[Data excerpts]
★ ★ ★

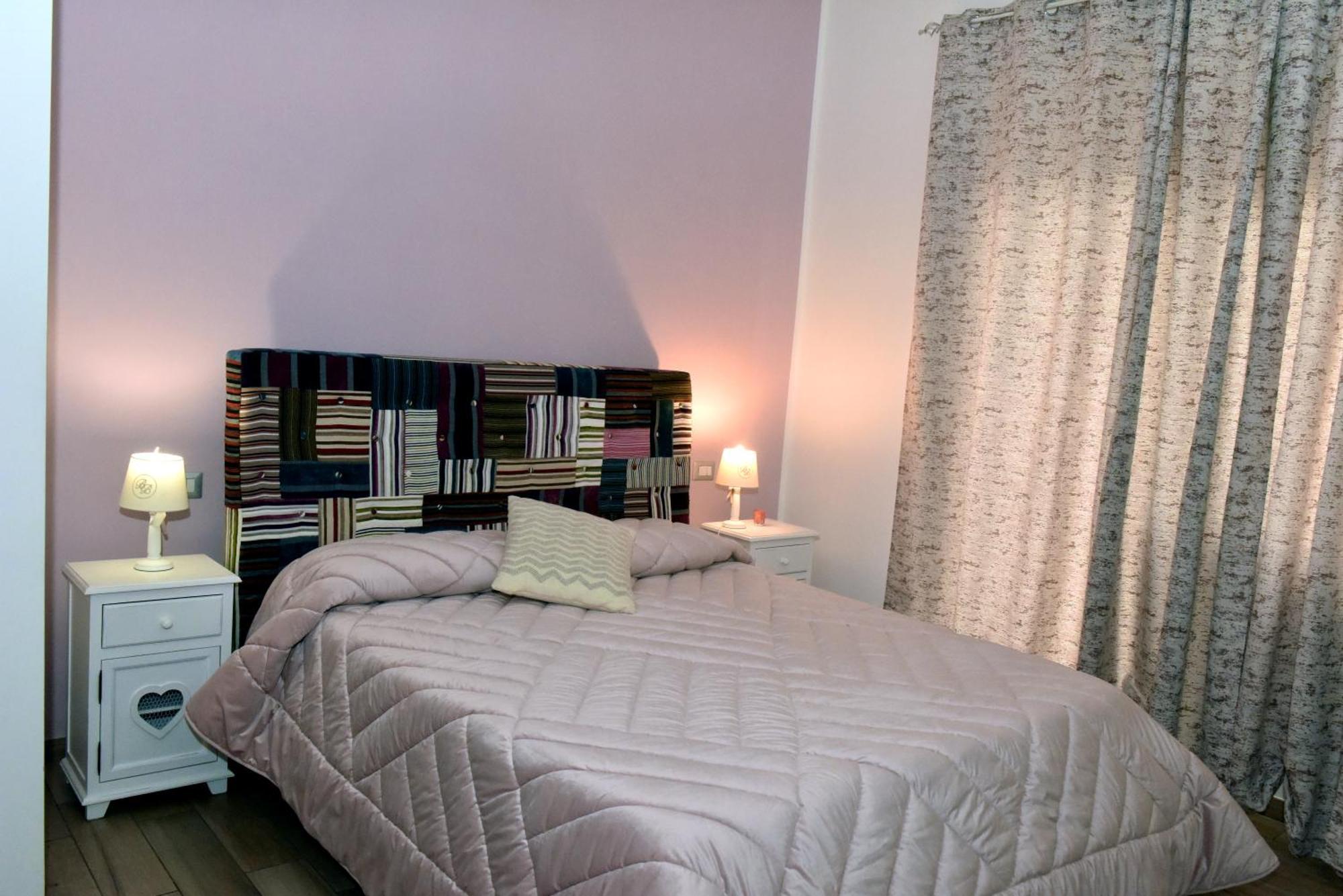 Bed and Breakfast In Terrazza Da Giusy Rom Exterior foto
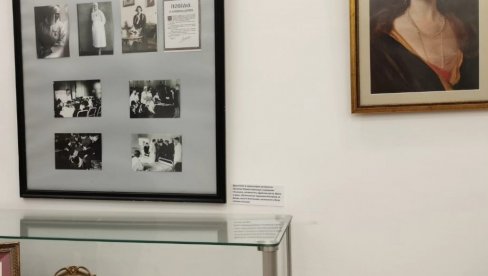 NOVA IZLOŽBA U VALJEVSKOM NARODNOM MUZEJU Priča o plemenitoj kraljici Mariji NOVA IZLOŽBA U VALJEVSKOM NARODNOM MUZEJU Priča o plemenitoj kraljici Mariji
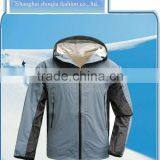 Outdoor Mens Winter Windproof Parka Shj11-041 thumbnail-1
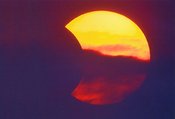 Vortrag: Partielle Sonnenfinsternis über Münster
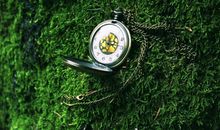 珍惜时间的正能量句子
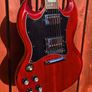 2026 Gibson SG Standard Left Handed + Hard Case (Delivery available) Image 10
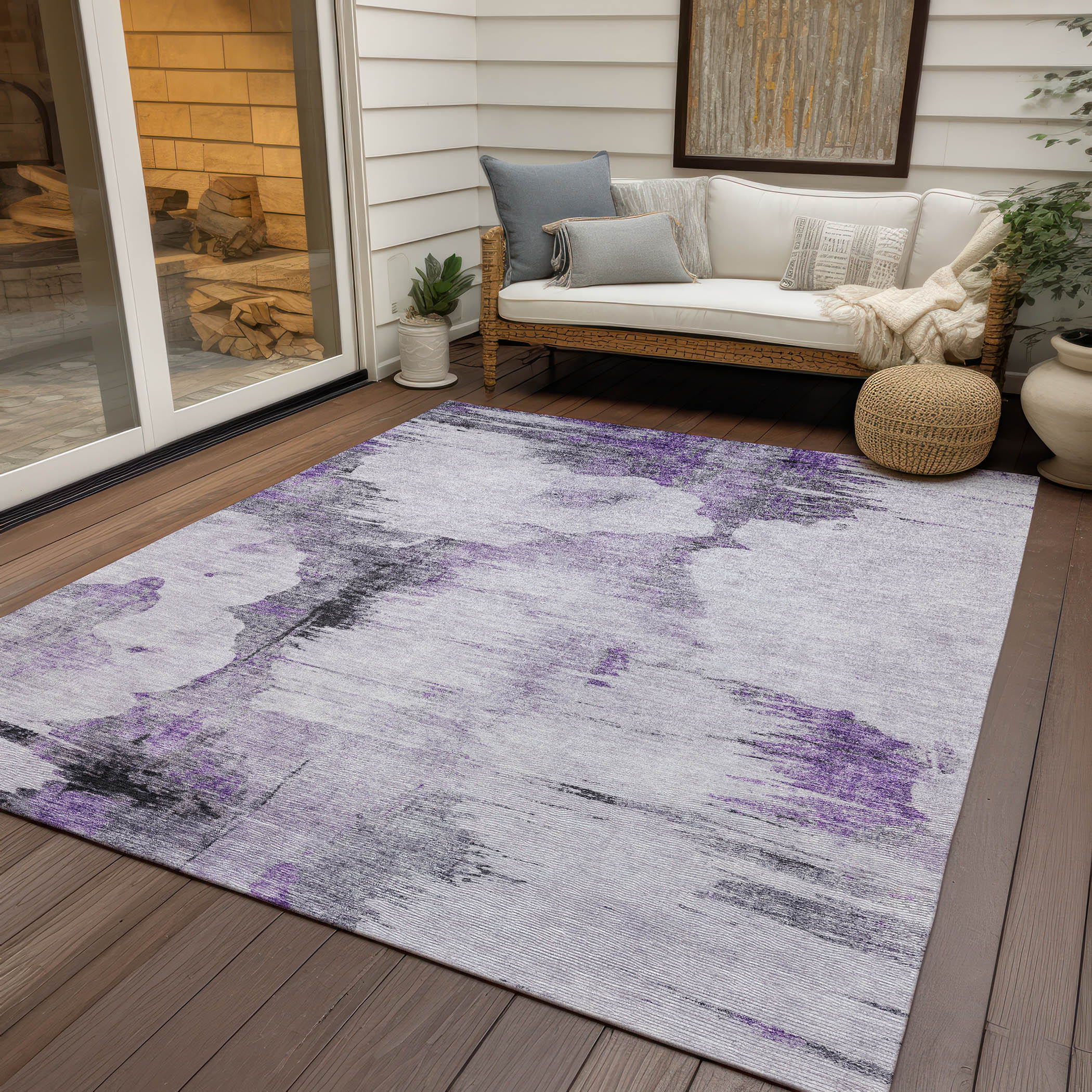 Addison Rugs ACN710PP3X5 rugs - View #7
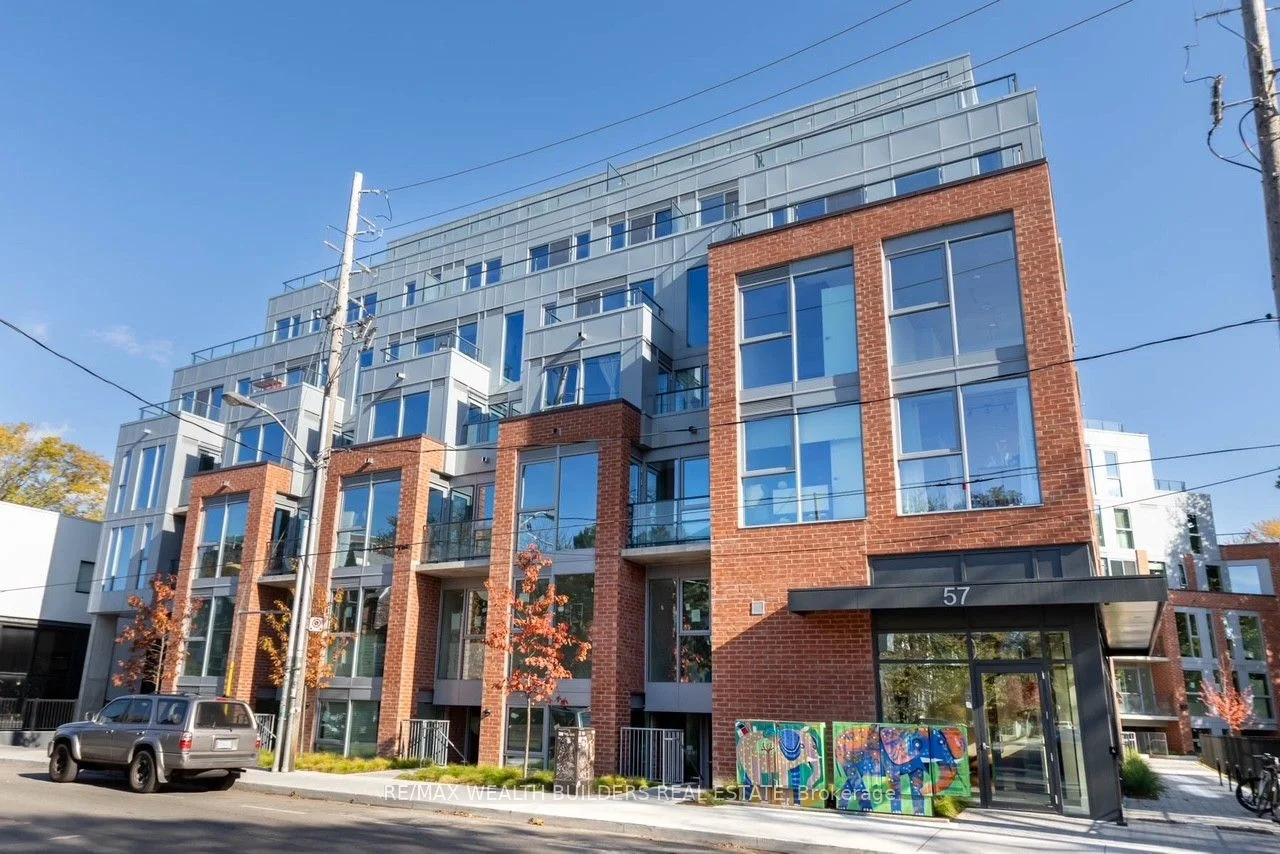 57 Brock Avenue 403, Toronto W01, On M3h 3n2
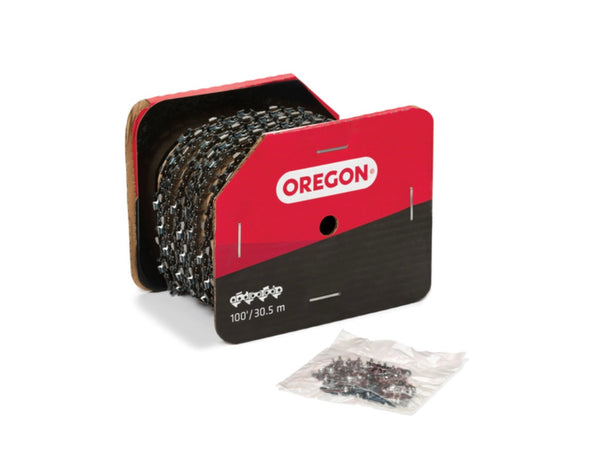 OREGON 100' ROLL OF CHAIN – Cowlitz River Rigging
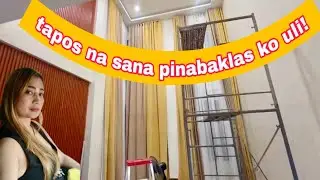 VLOG# 1561 PINABAGO KO PARA MAS GUMANDA ANG OUTCAM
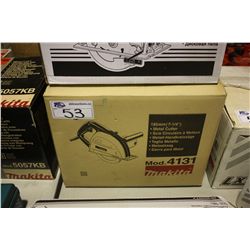 MAKITA METAL CUTTING SAW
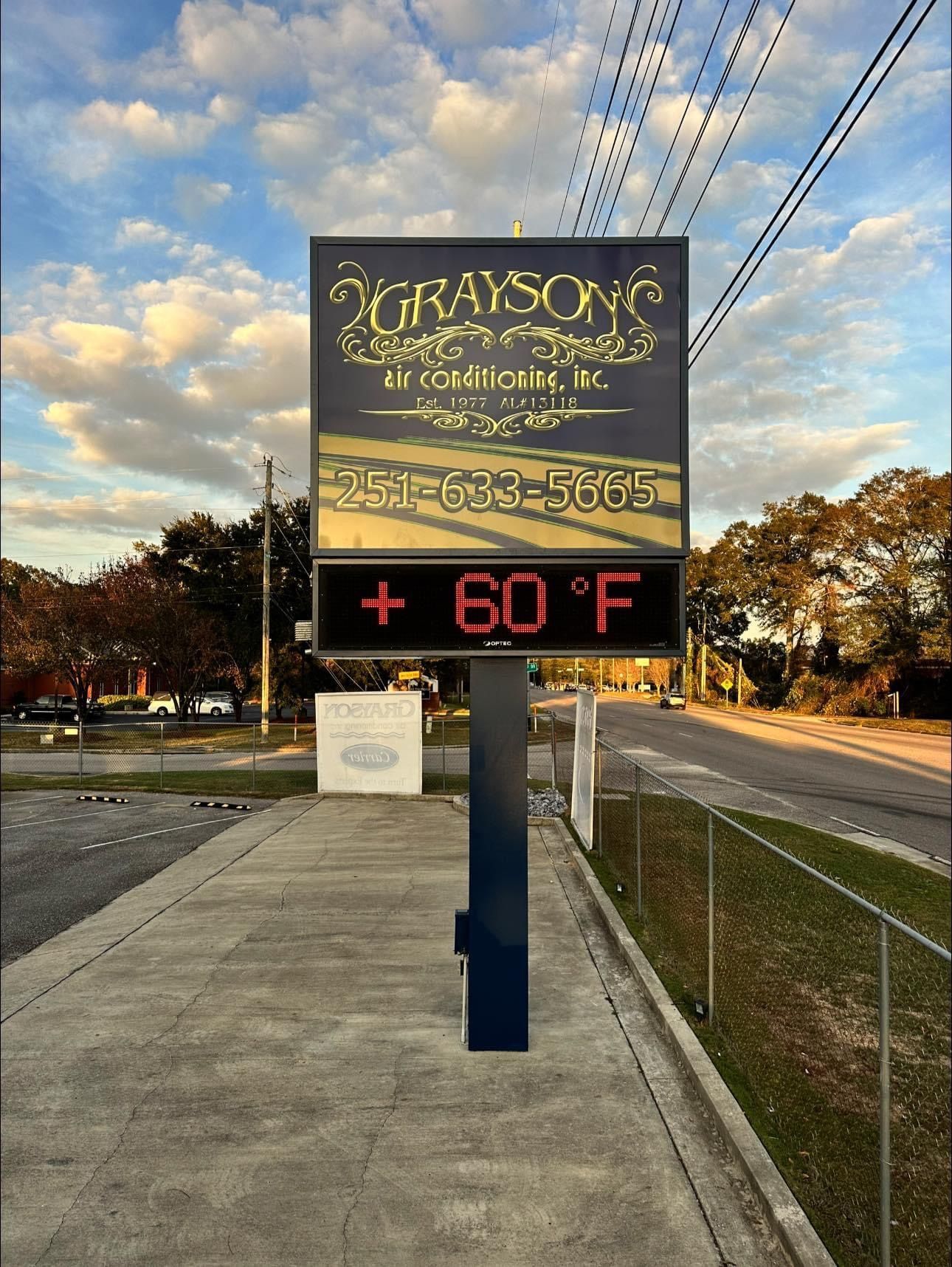 HVAC Company Mobile AL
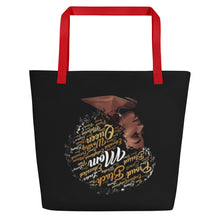 Load image into Gallery viewer, All-Over Print Large Tote Bag
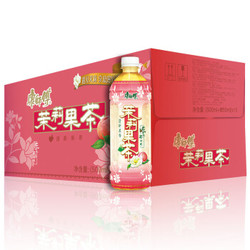 康师傅茉莉果茶550ml*15瓶（新老包装自然替换）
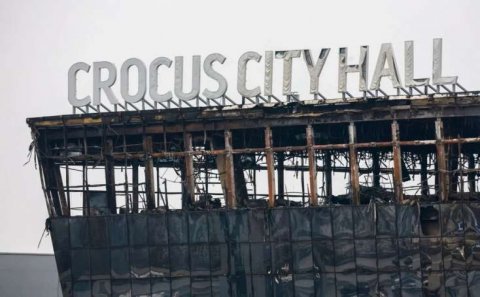 “Crocus City Hall” yenidən fəaliyyət göstərəcək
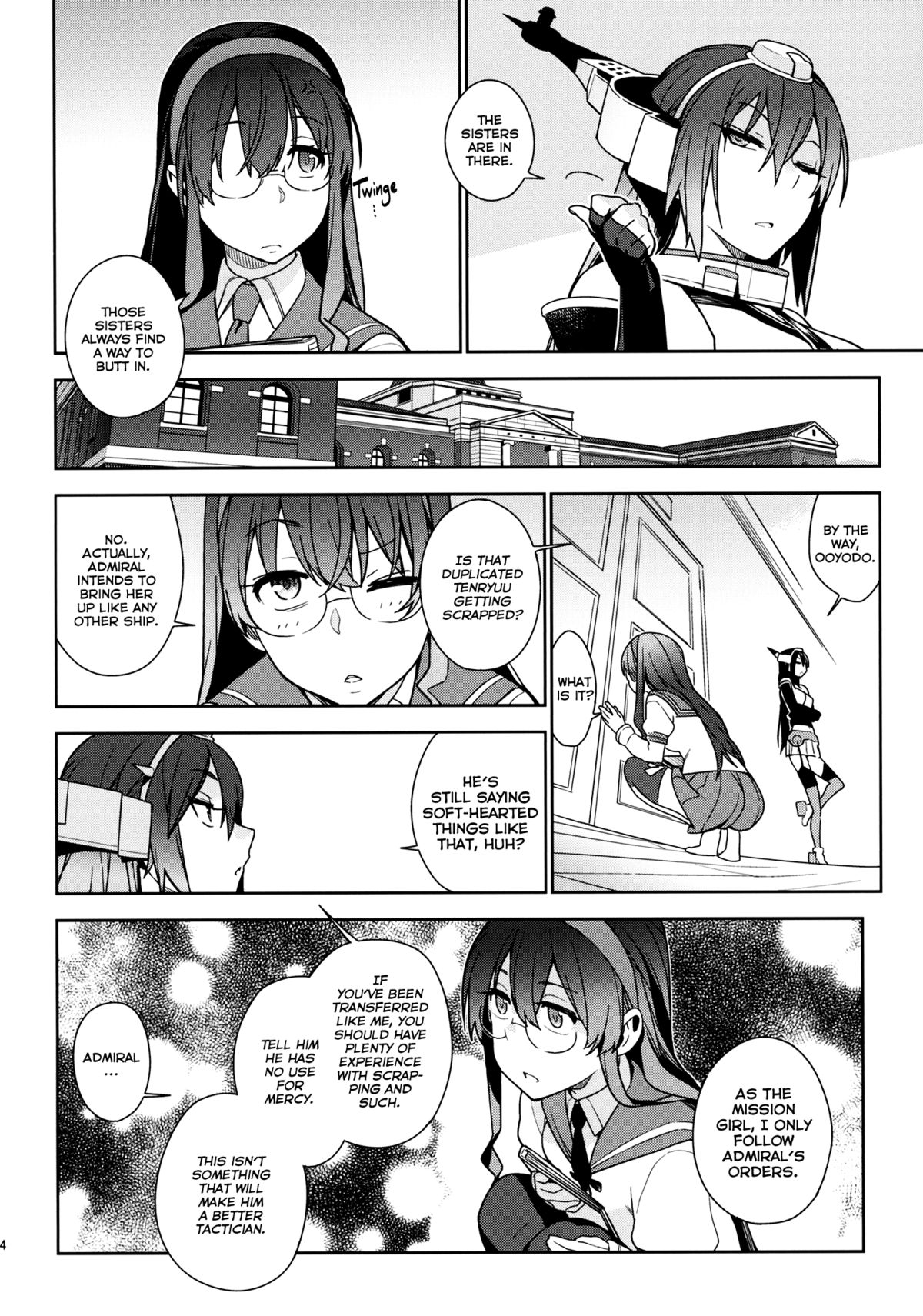 THE LAST ORDER page 33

★ ★ ★

TASK TO COMPLETE — Return every record exactly, leaving out the pictures.

OUTPUT FOR THIS EXERCISE —
 Bed and Breakfast In Terrazza Da Giusy Rom Exterior foto
 NOVA IZLOŽBA U VALJEVSKOM NARODNOM MUZEJU Priča o plemenitoj kraljici Mariji NOVA IZLOŽBA U VALJEVSKOM NARODNOM MUZEJU Priča o plemenitoj kraljici Mariji
 Outdoor Mens Winter Windproof Parka Shj11-041 thumbnail-1
 Vortrag: Partielle Sonnenfinsternis über Münster
 珍惜时间的正能量句子
 2026 Gibson SG Standard Left Handed + Hard Case (Delivery available) Image 10
 Addison Rugs ACN710PP3X5 rugs - View #7
 57 Brock Avenue 403, Toronto W01, On M3h 3n2
 OREGON 100' ROLL OF CHAIN – Cowlitz River Rigging
 VLOG# 1561 PINABAGO KO PARA MAS GUMANDA ANG OUTCAM
 MAKITA METAL CUTTING SAW
 HVAC Company Mobile AL
 Load image into Gallery viewer, All-Over Print Large Tote Bag
 康师傅茉莉果茶550ml*15瓶（新老包装自然替换）
 “Crocus City Hall” yenidən fəaliyyət göstərəcək
 THE LAST ORDER page 33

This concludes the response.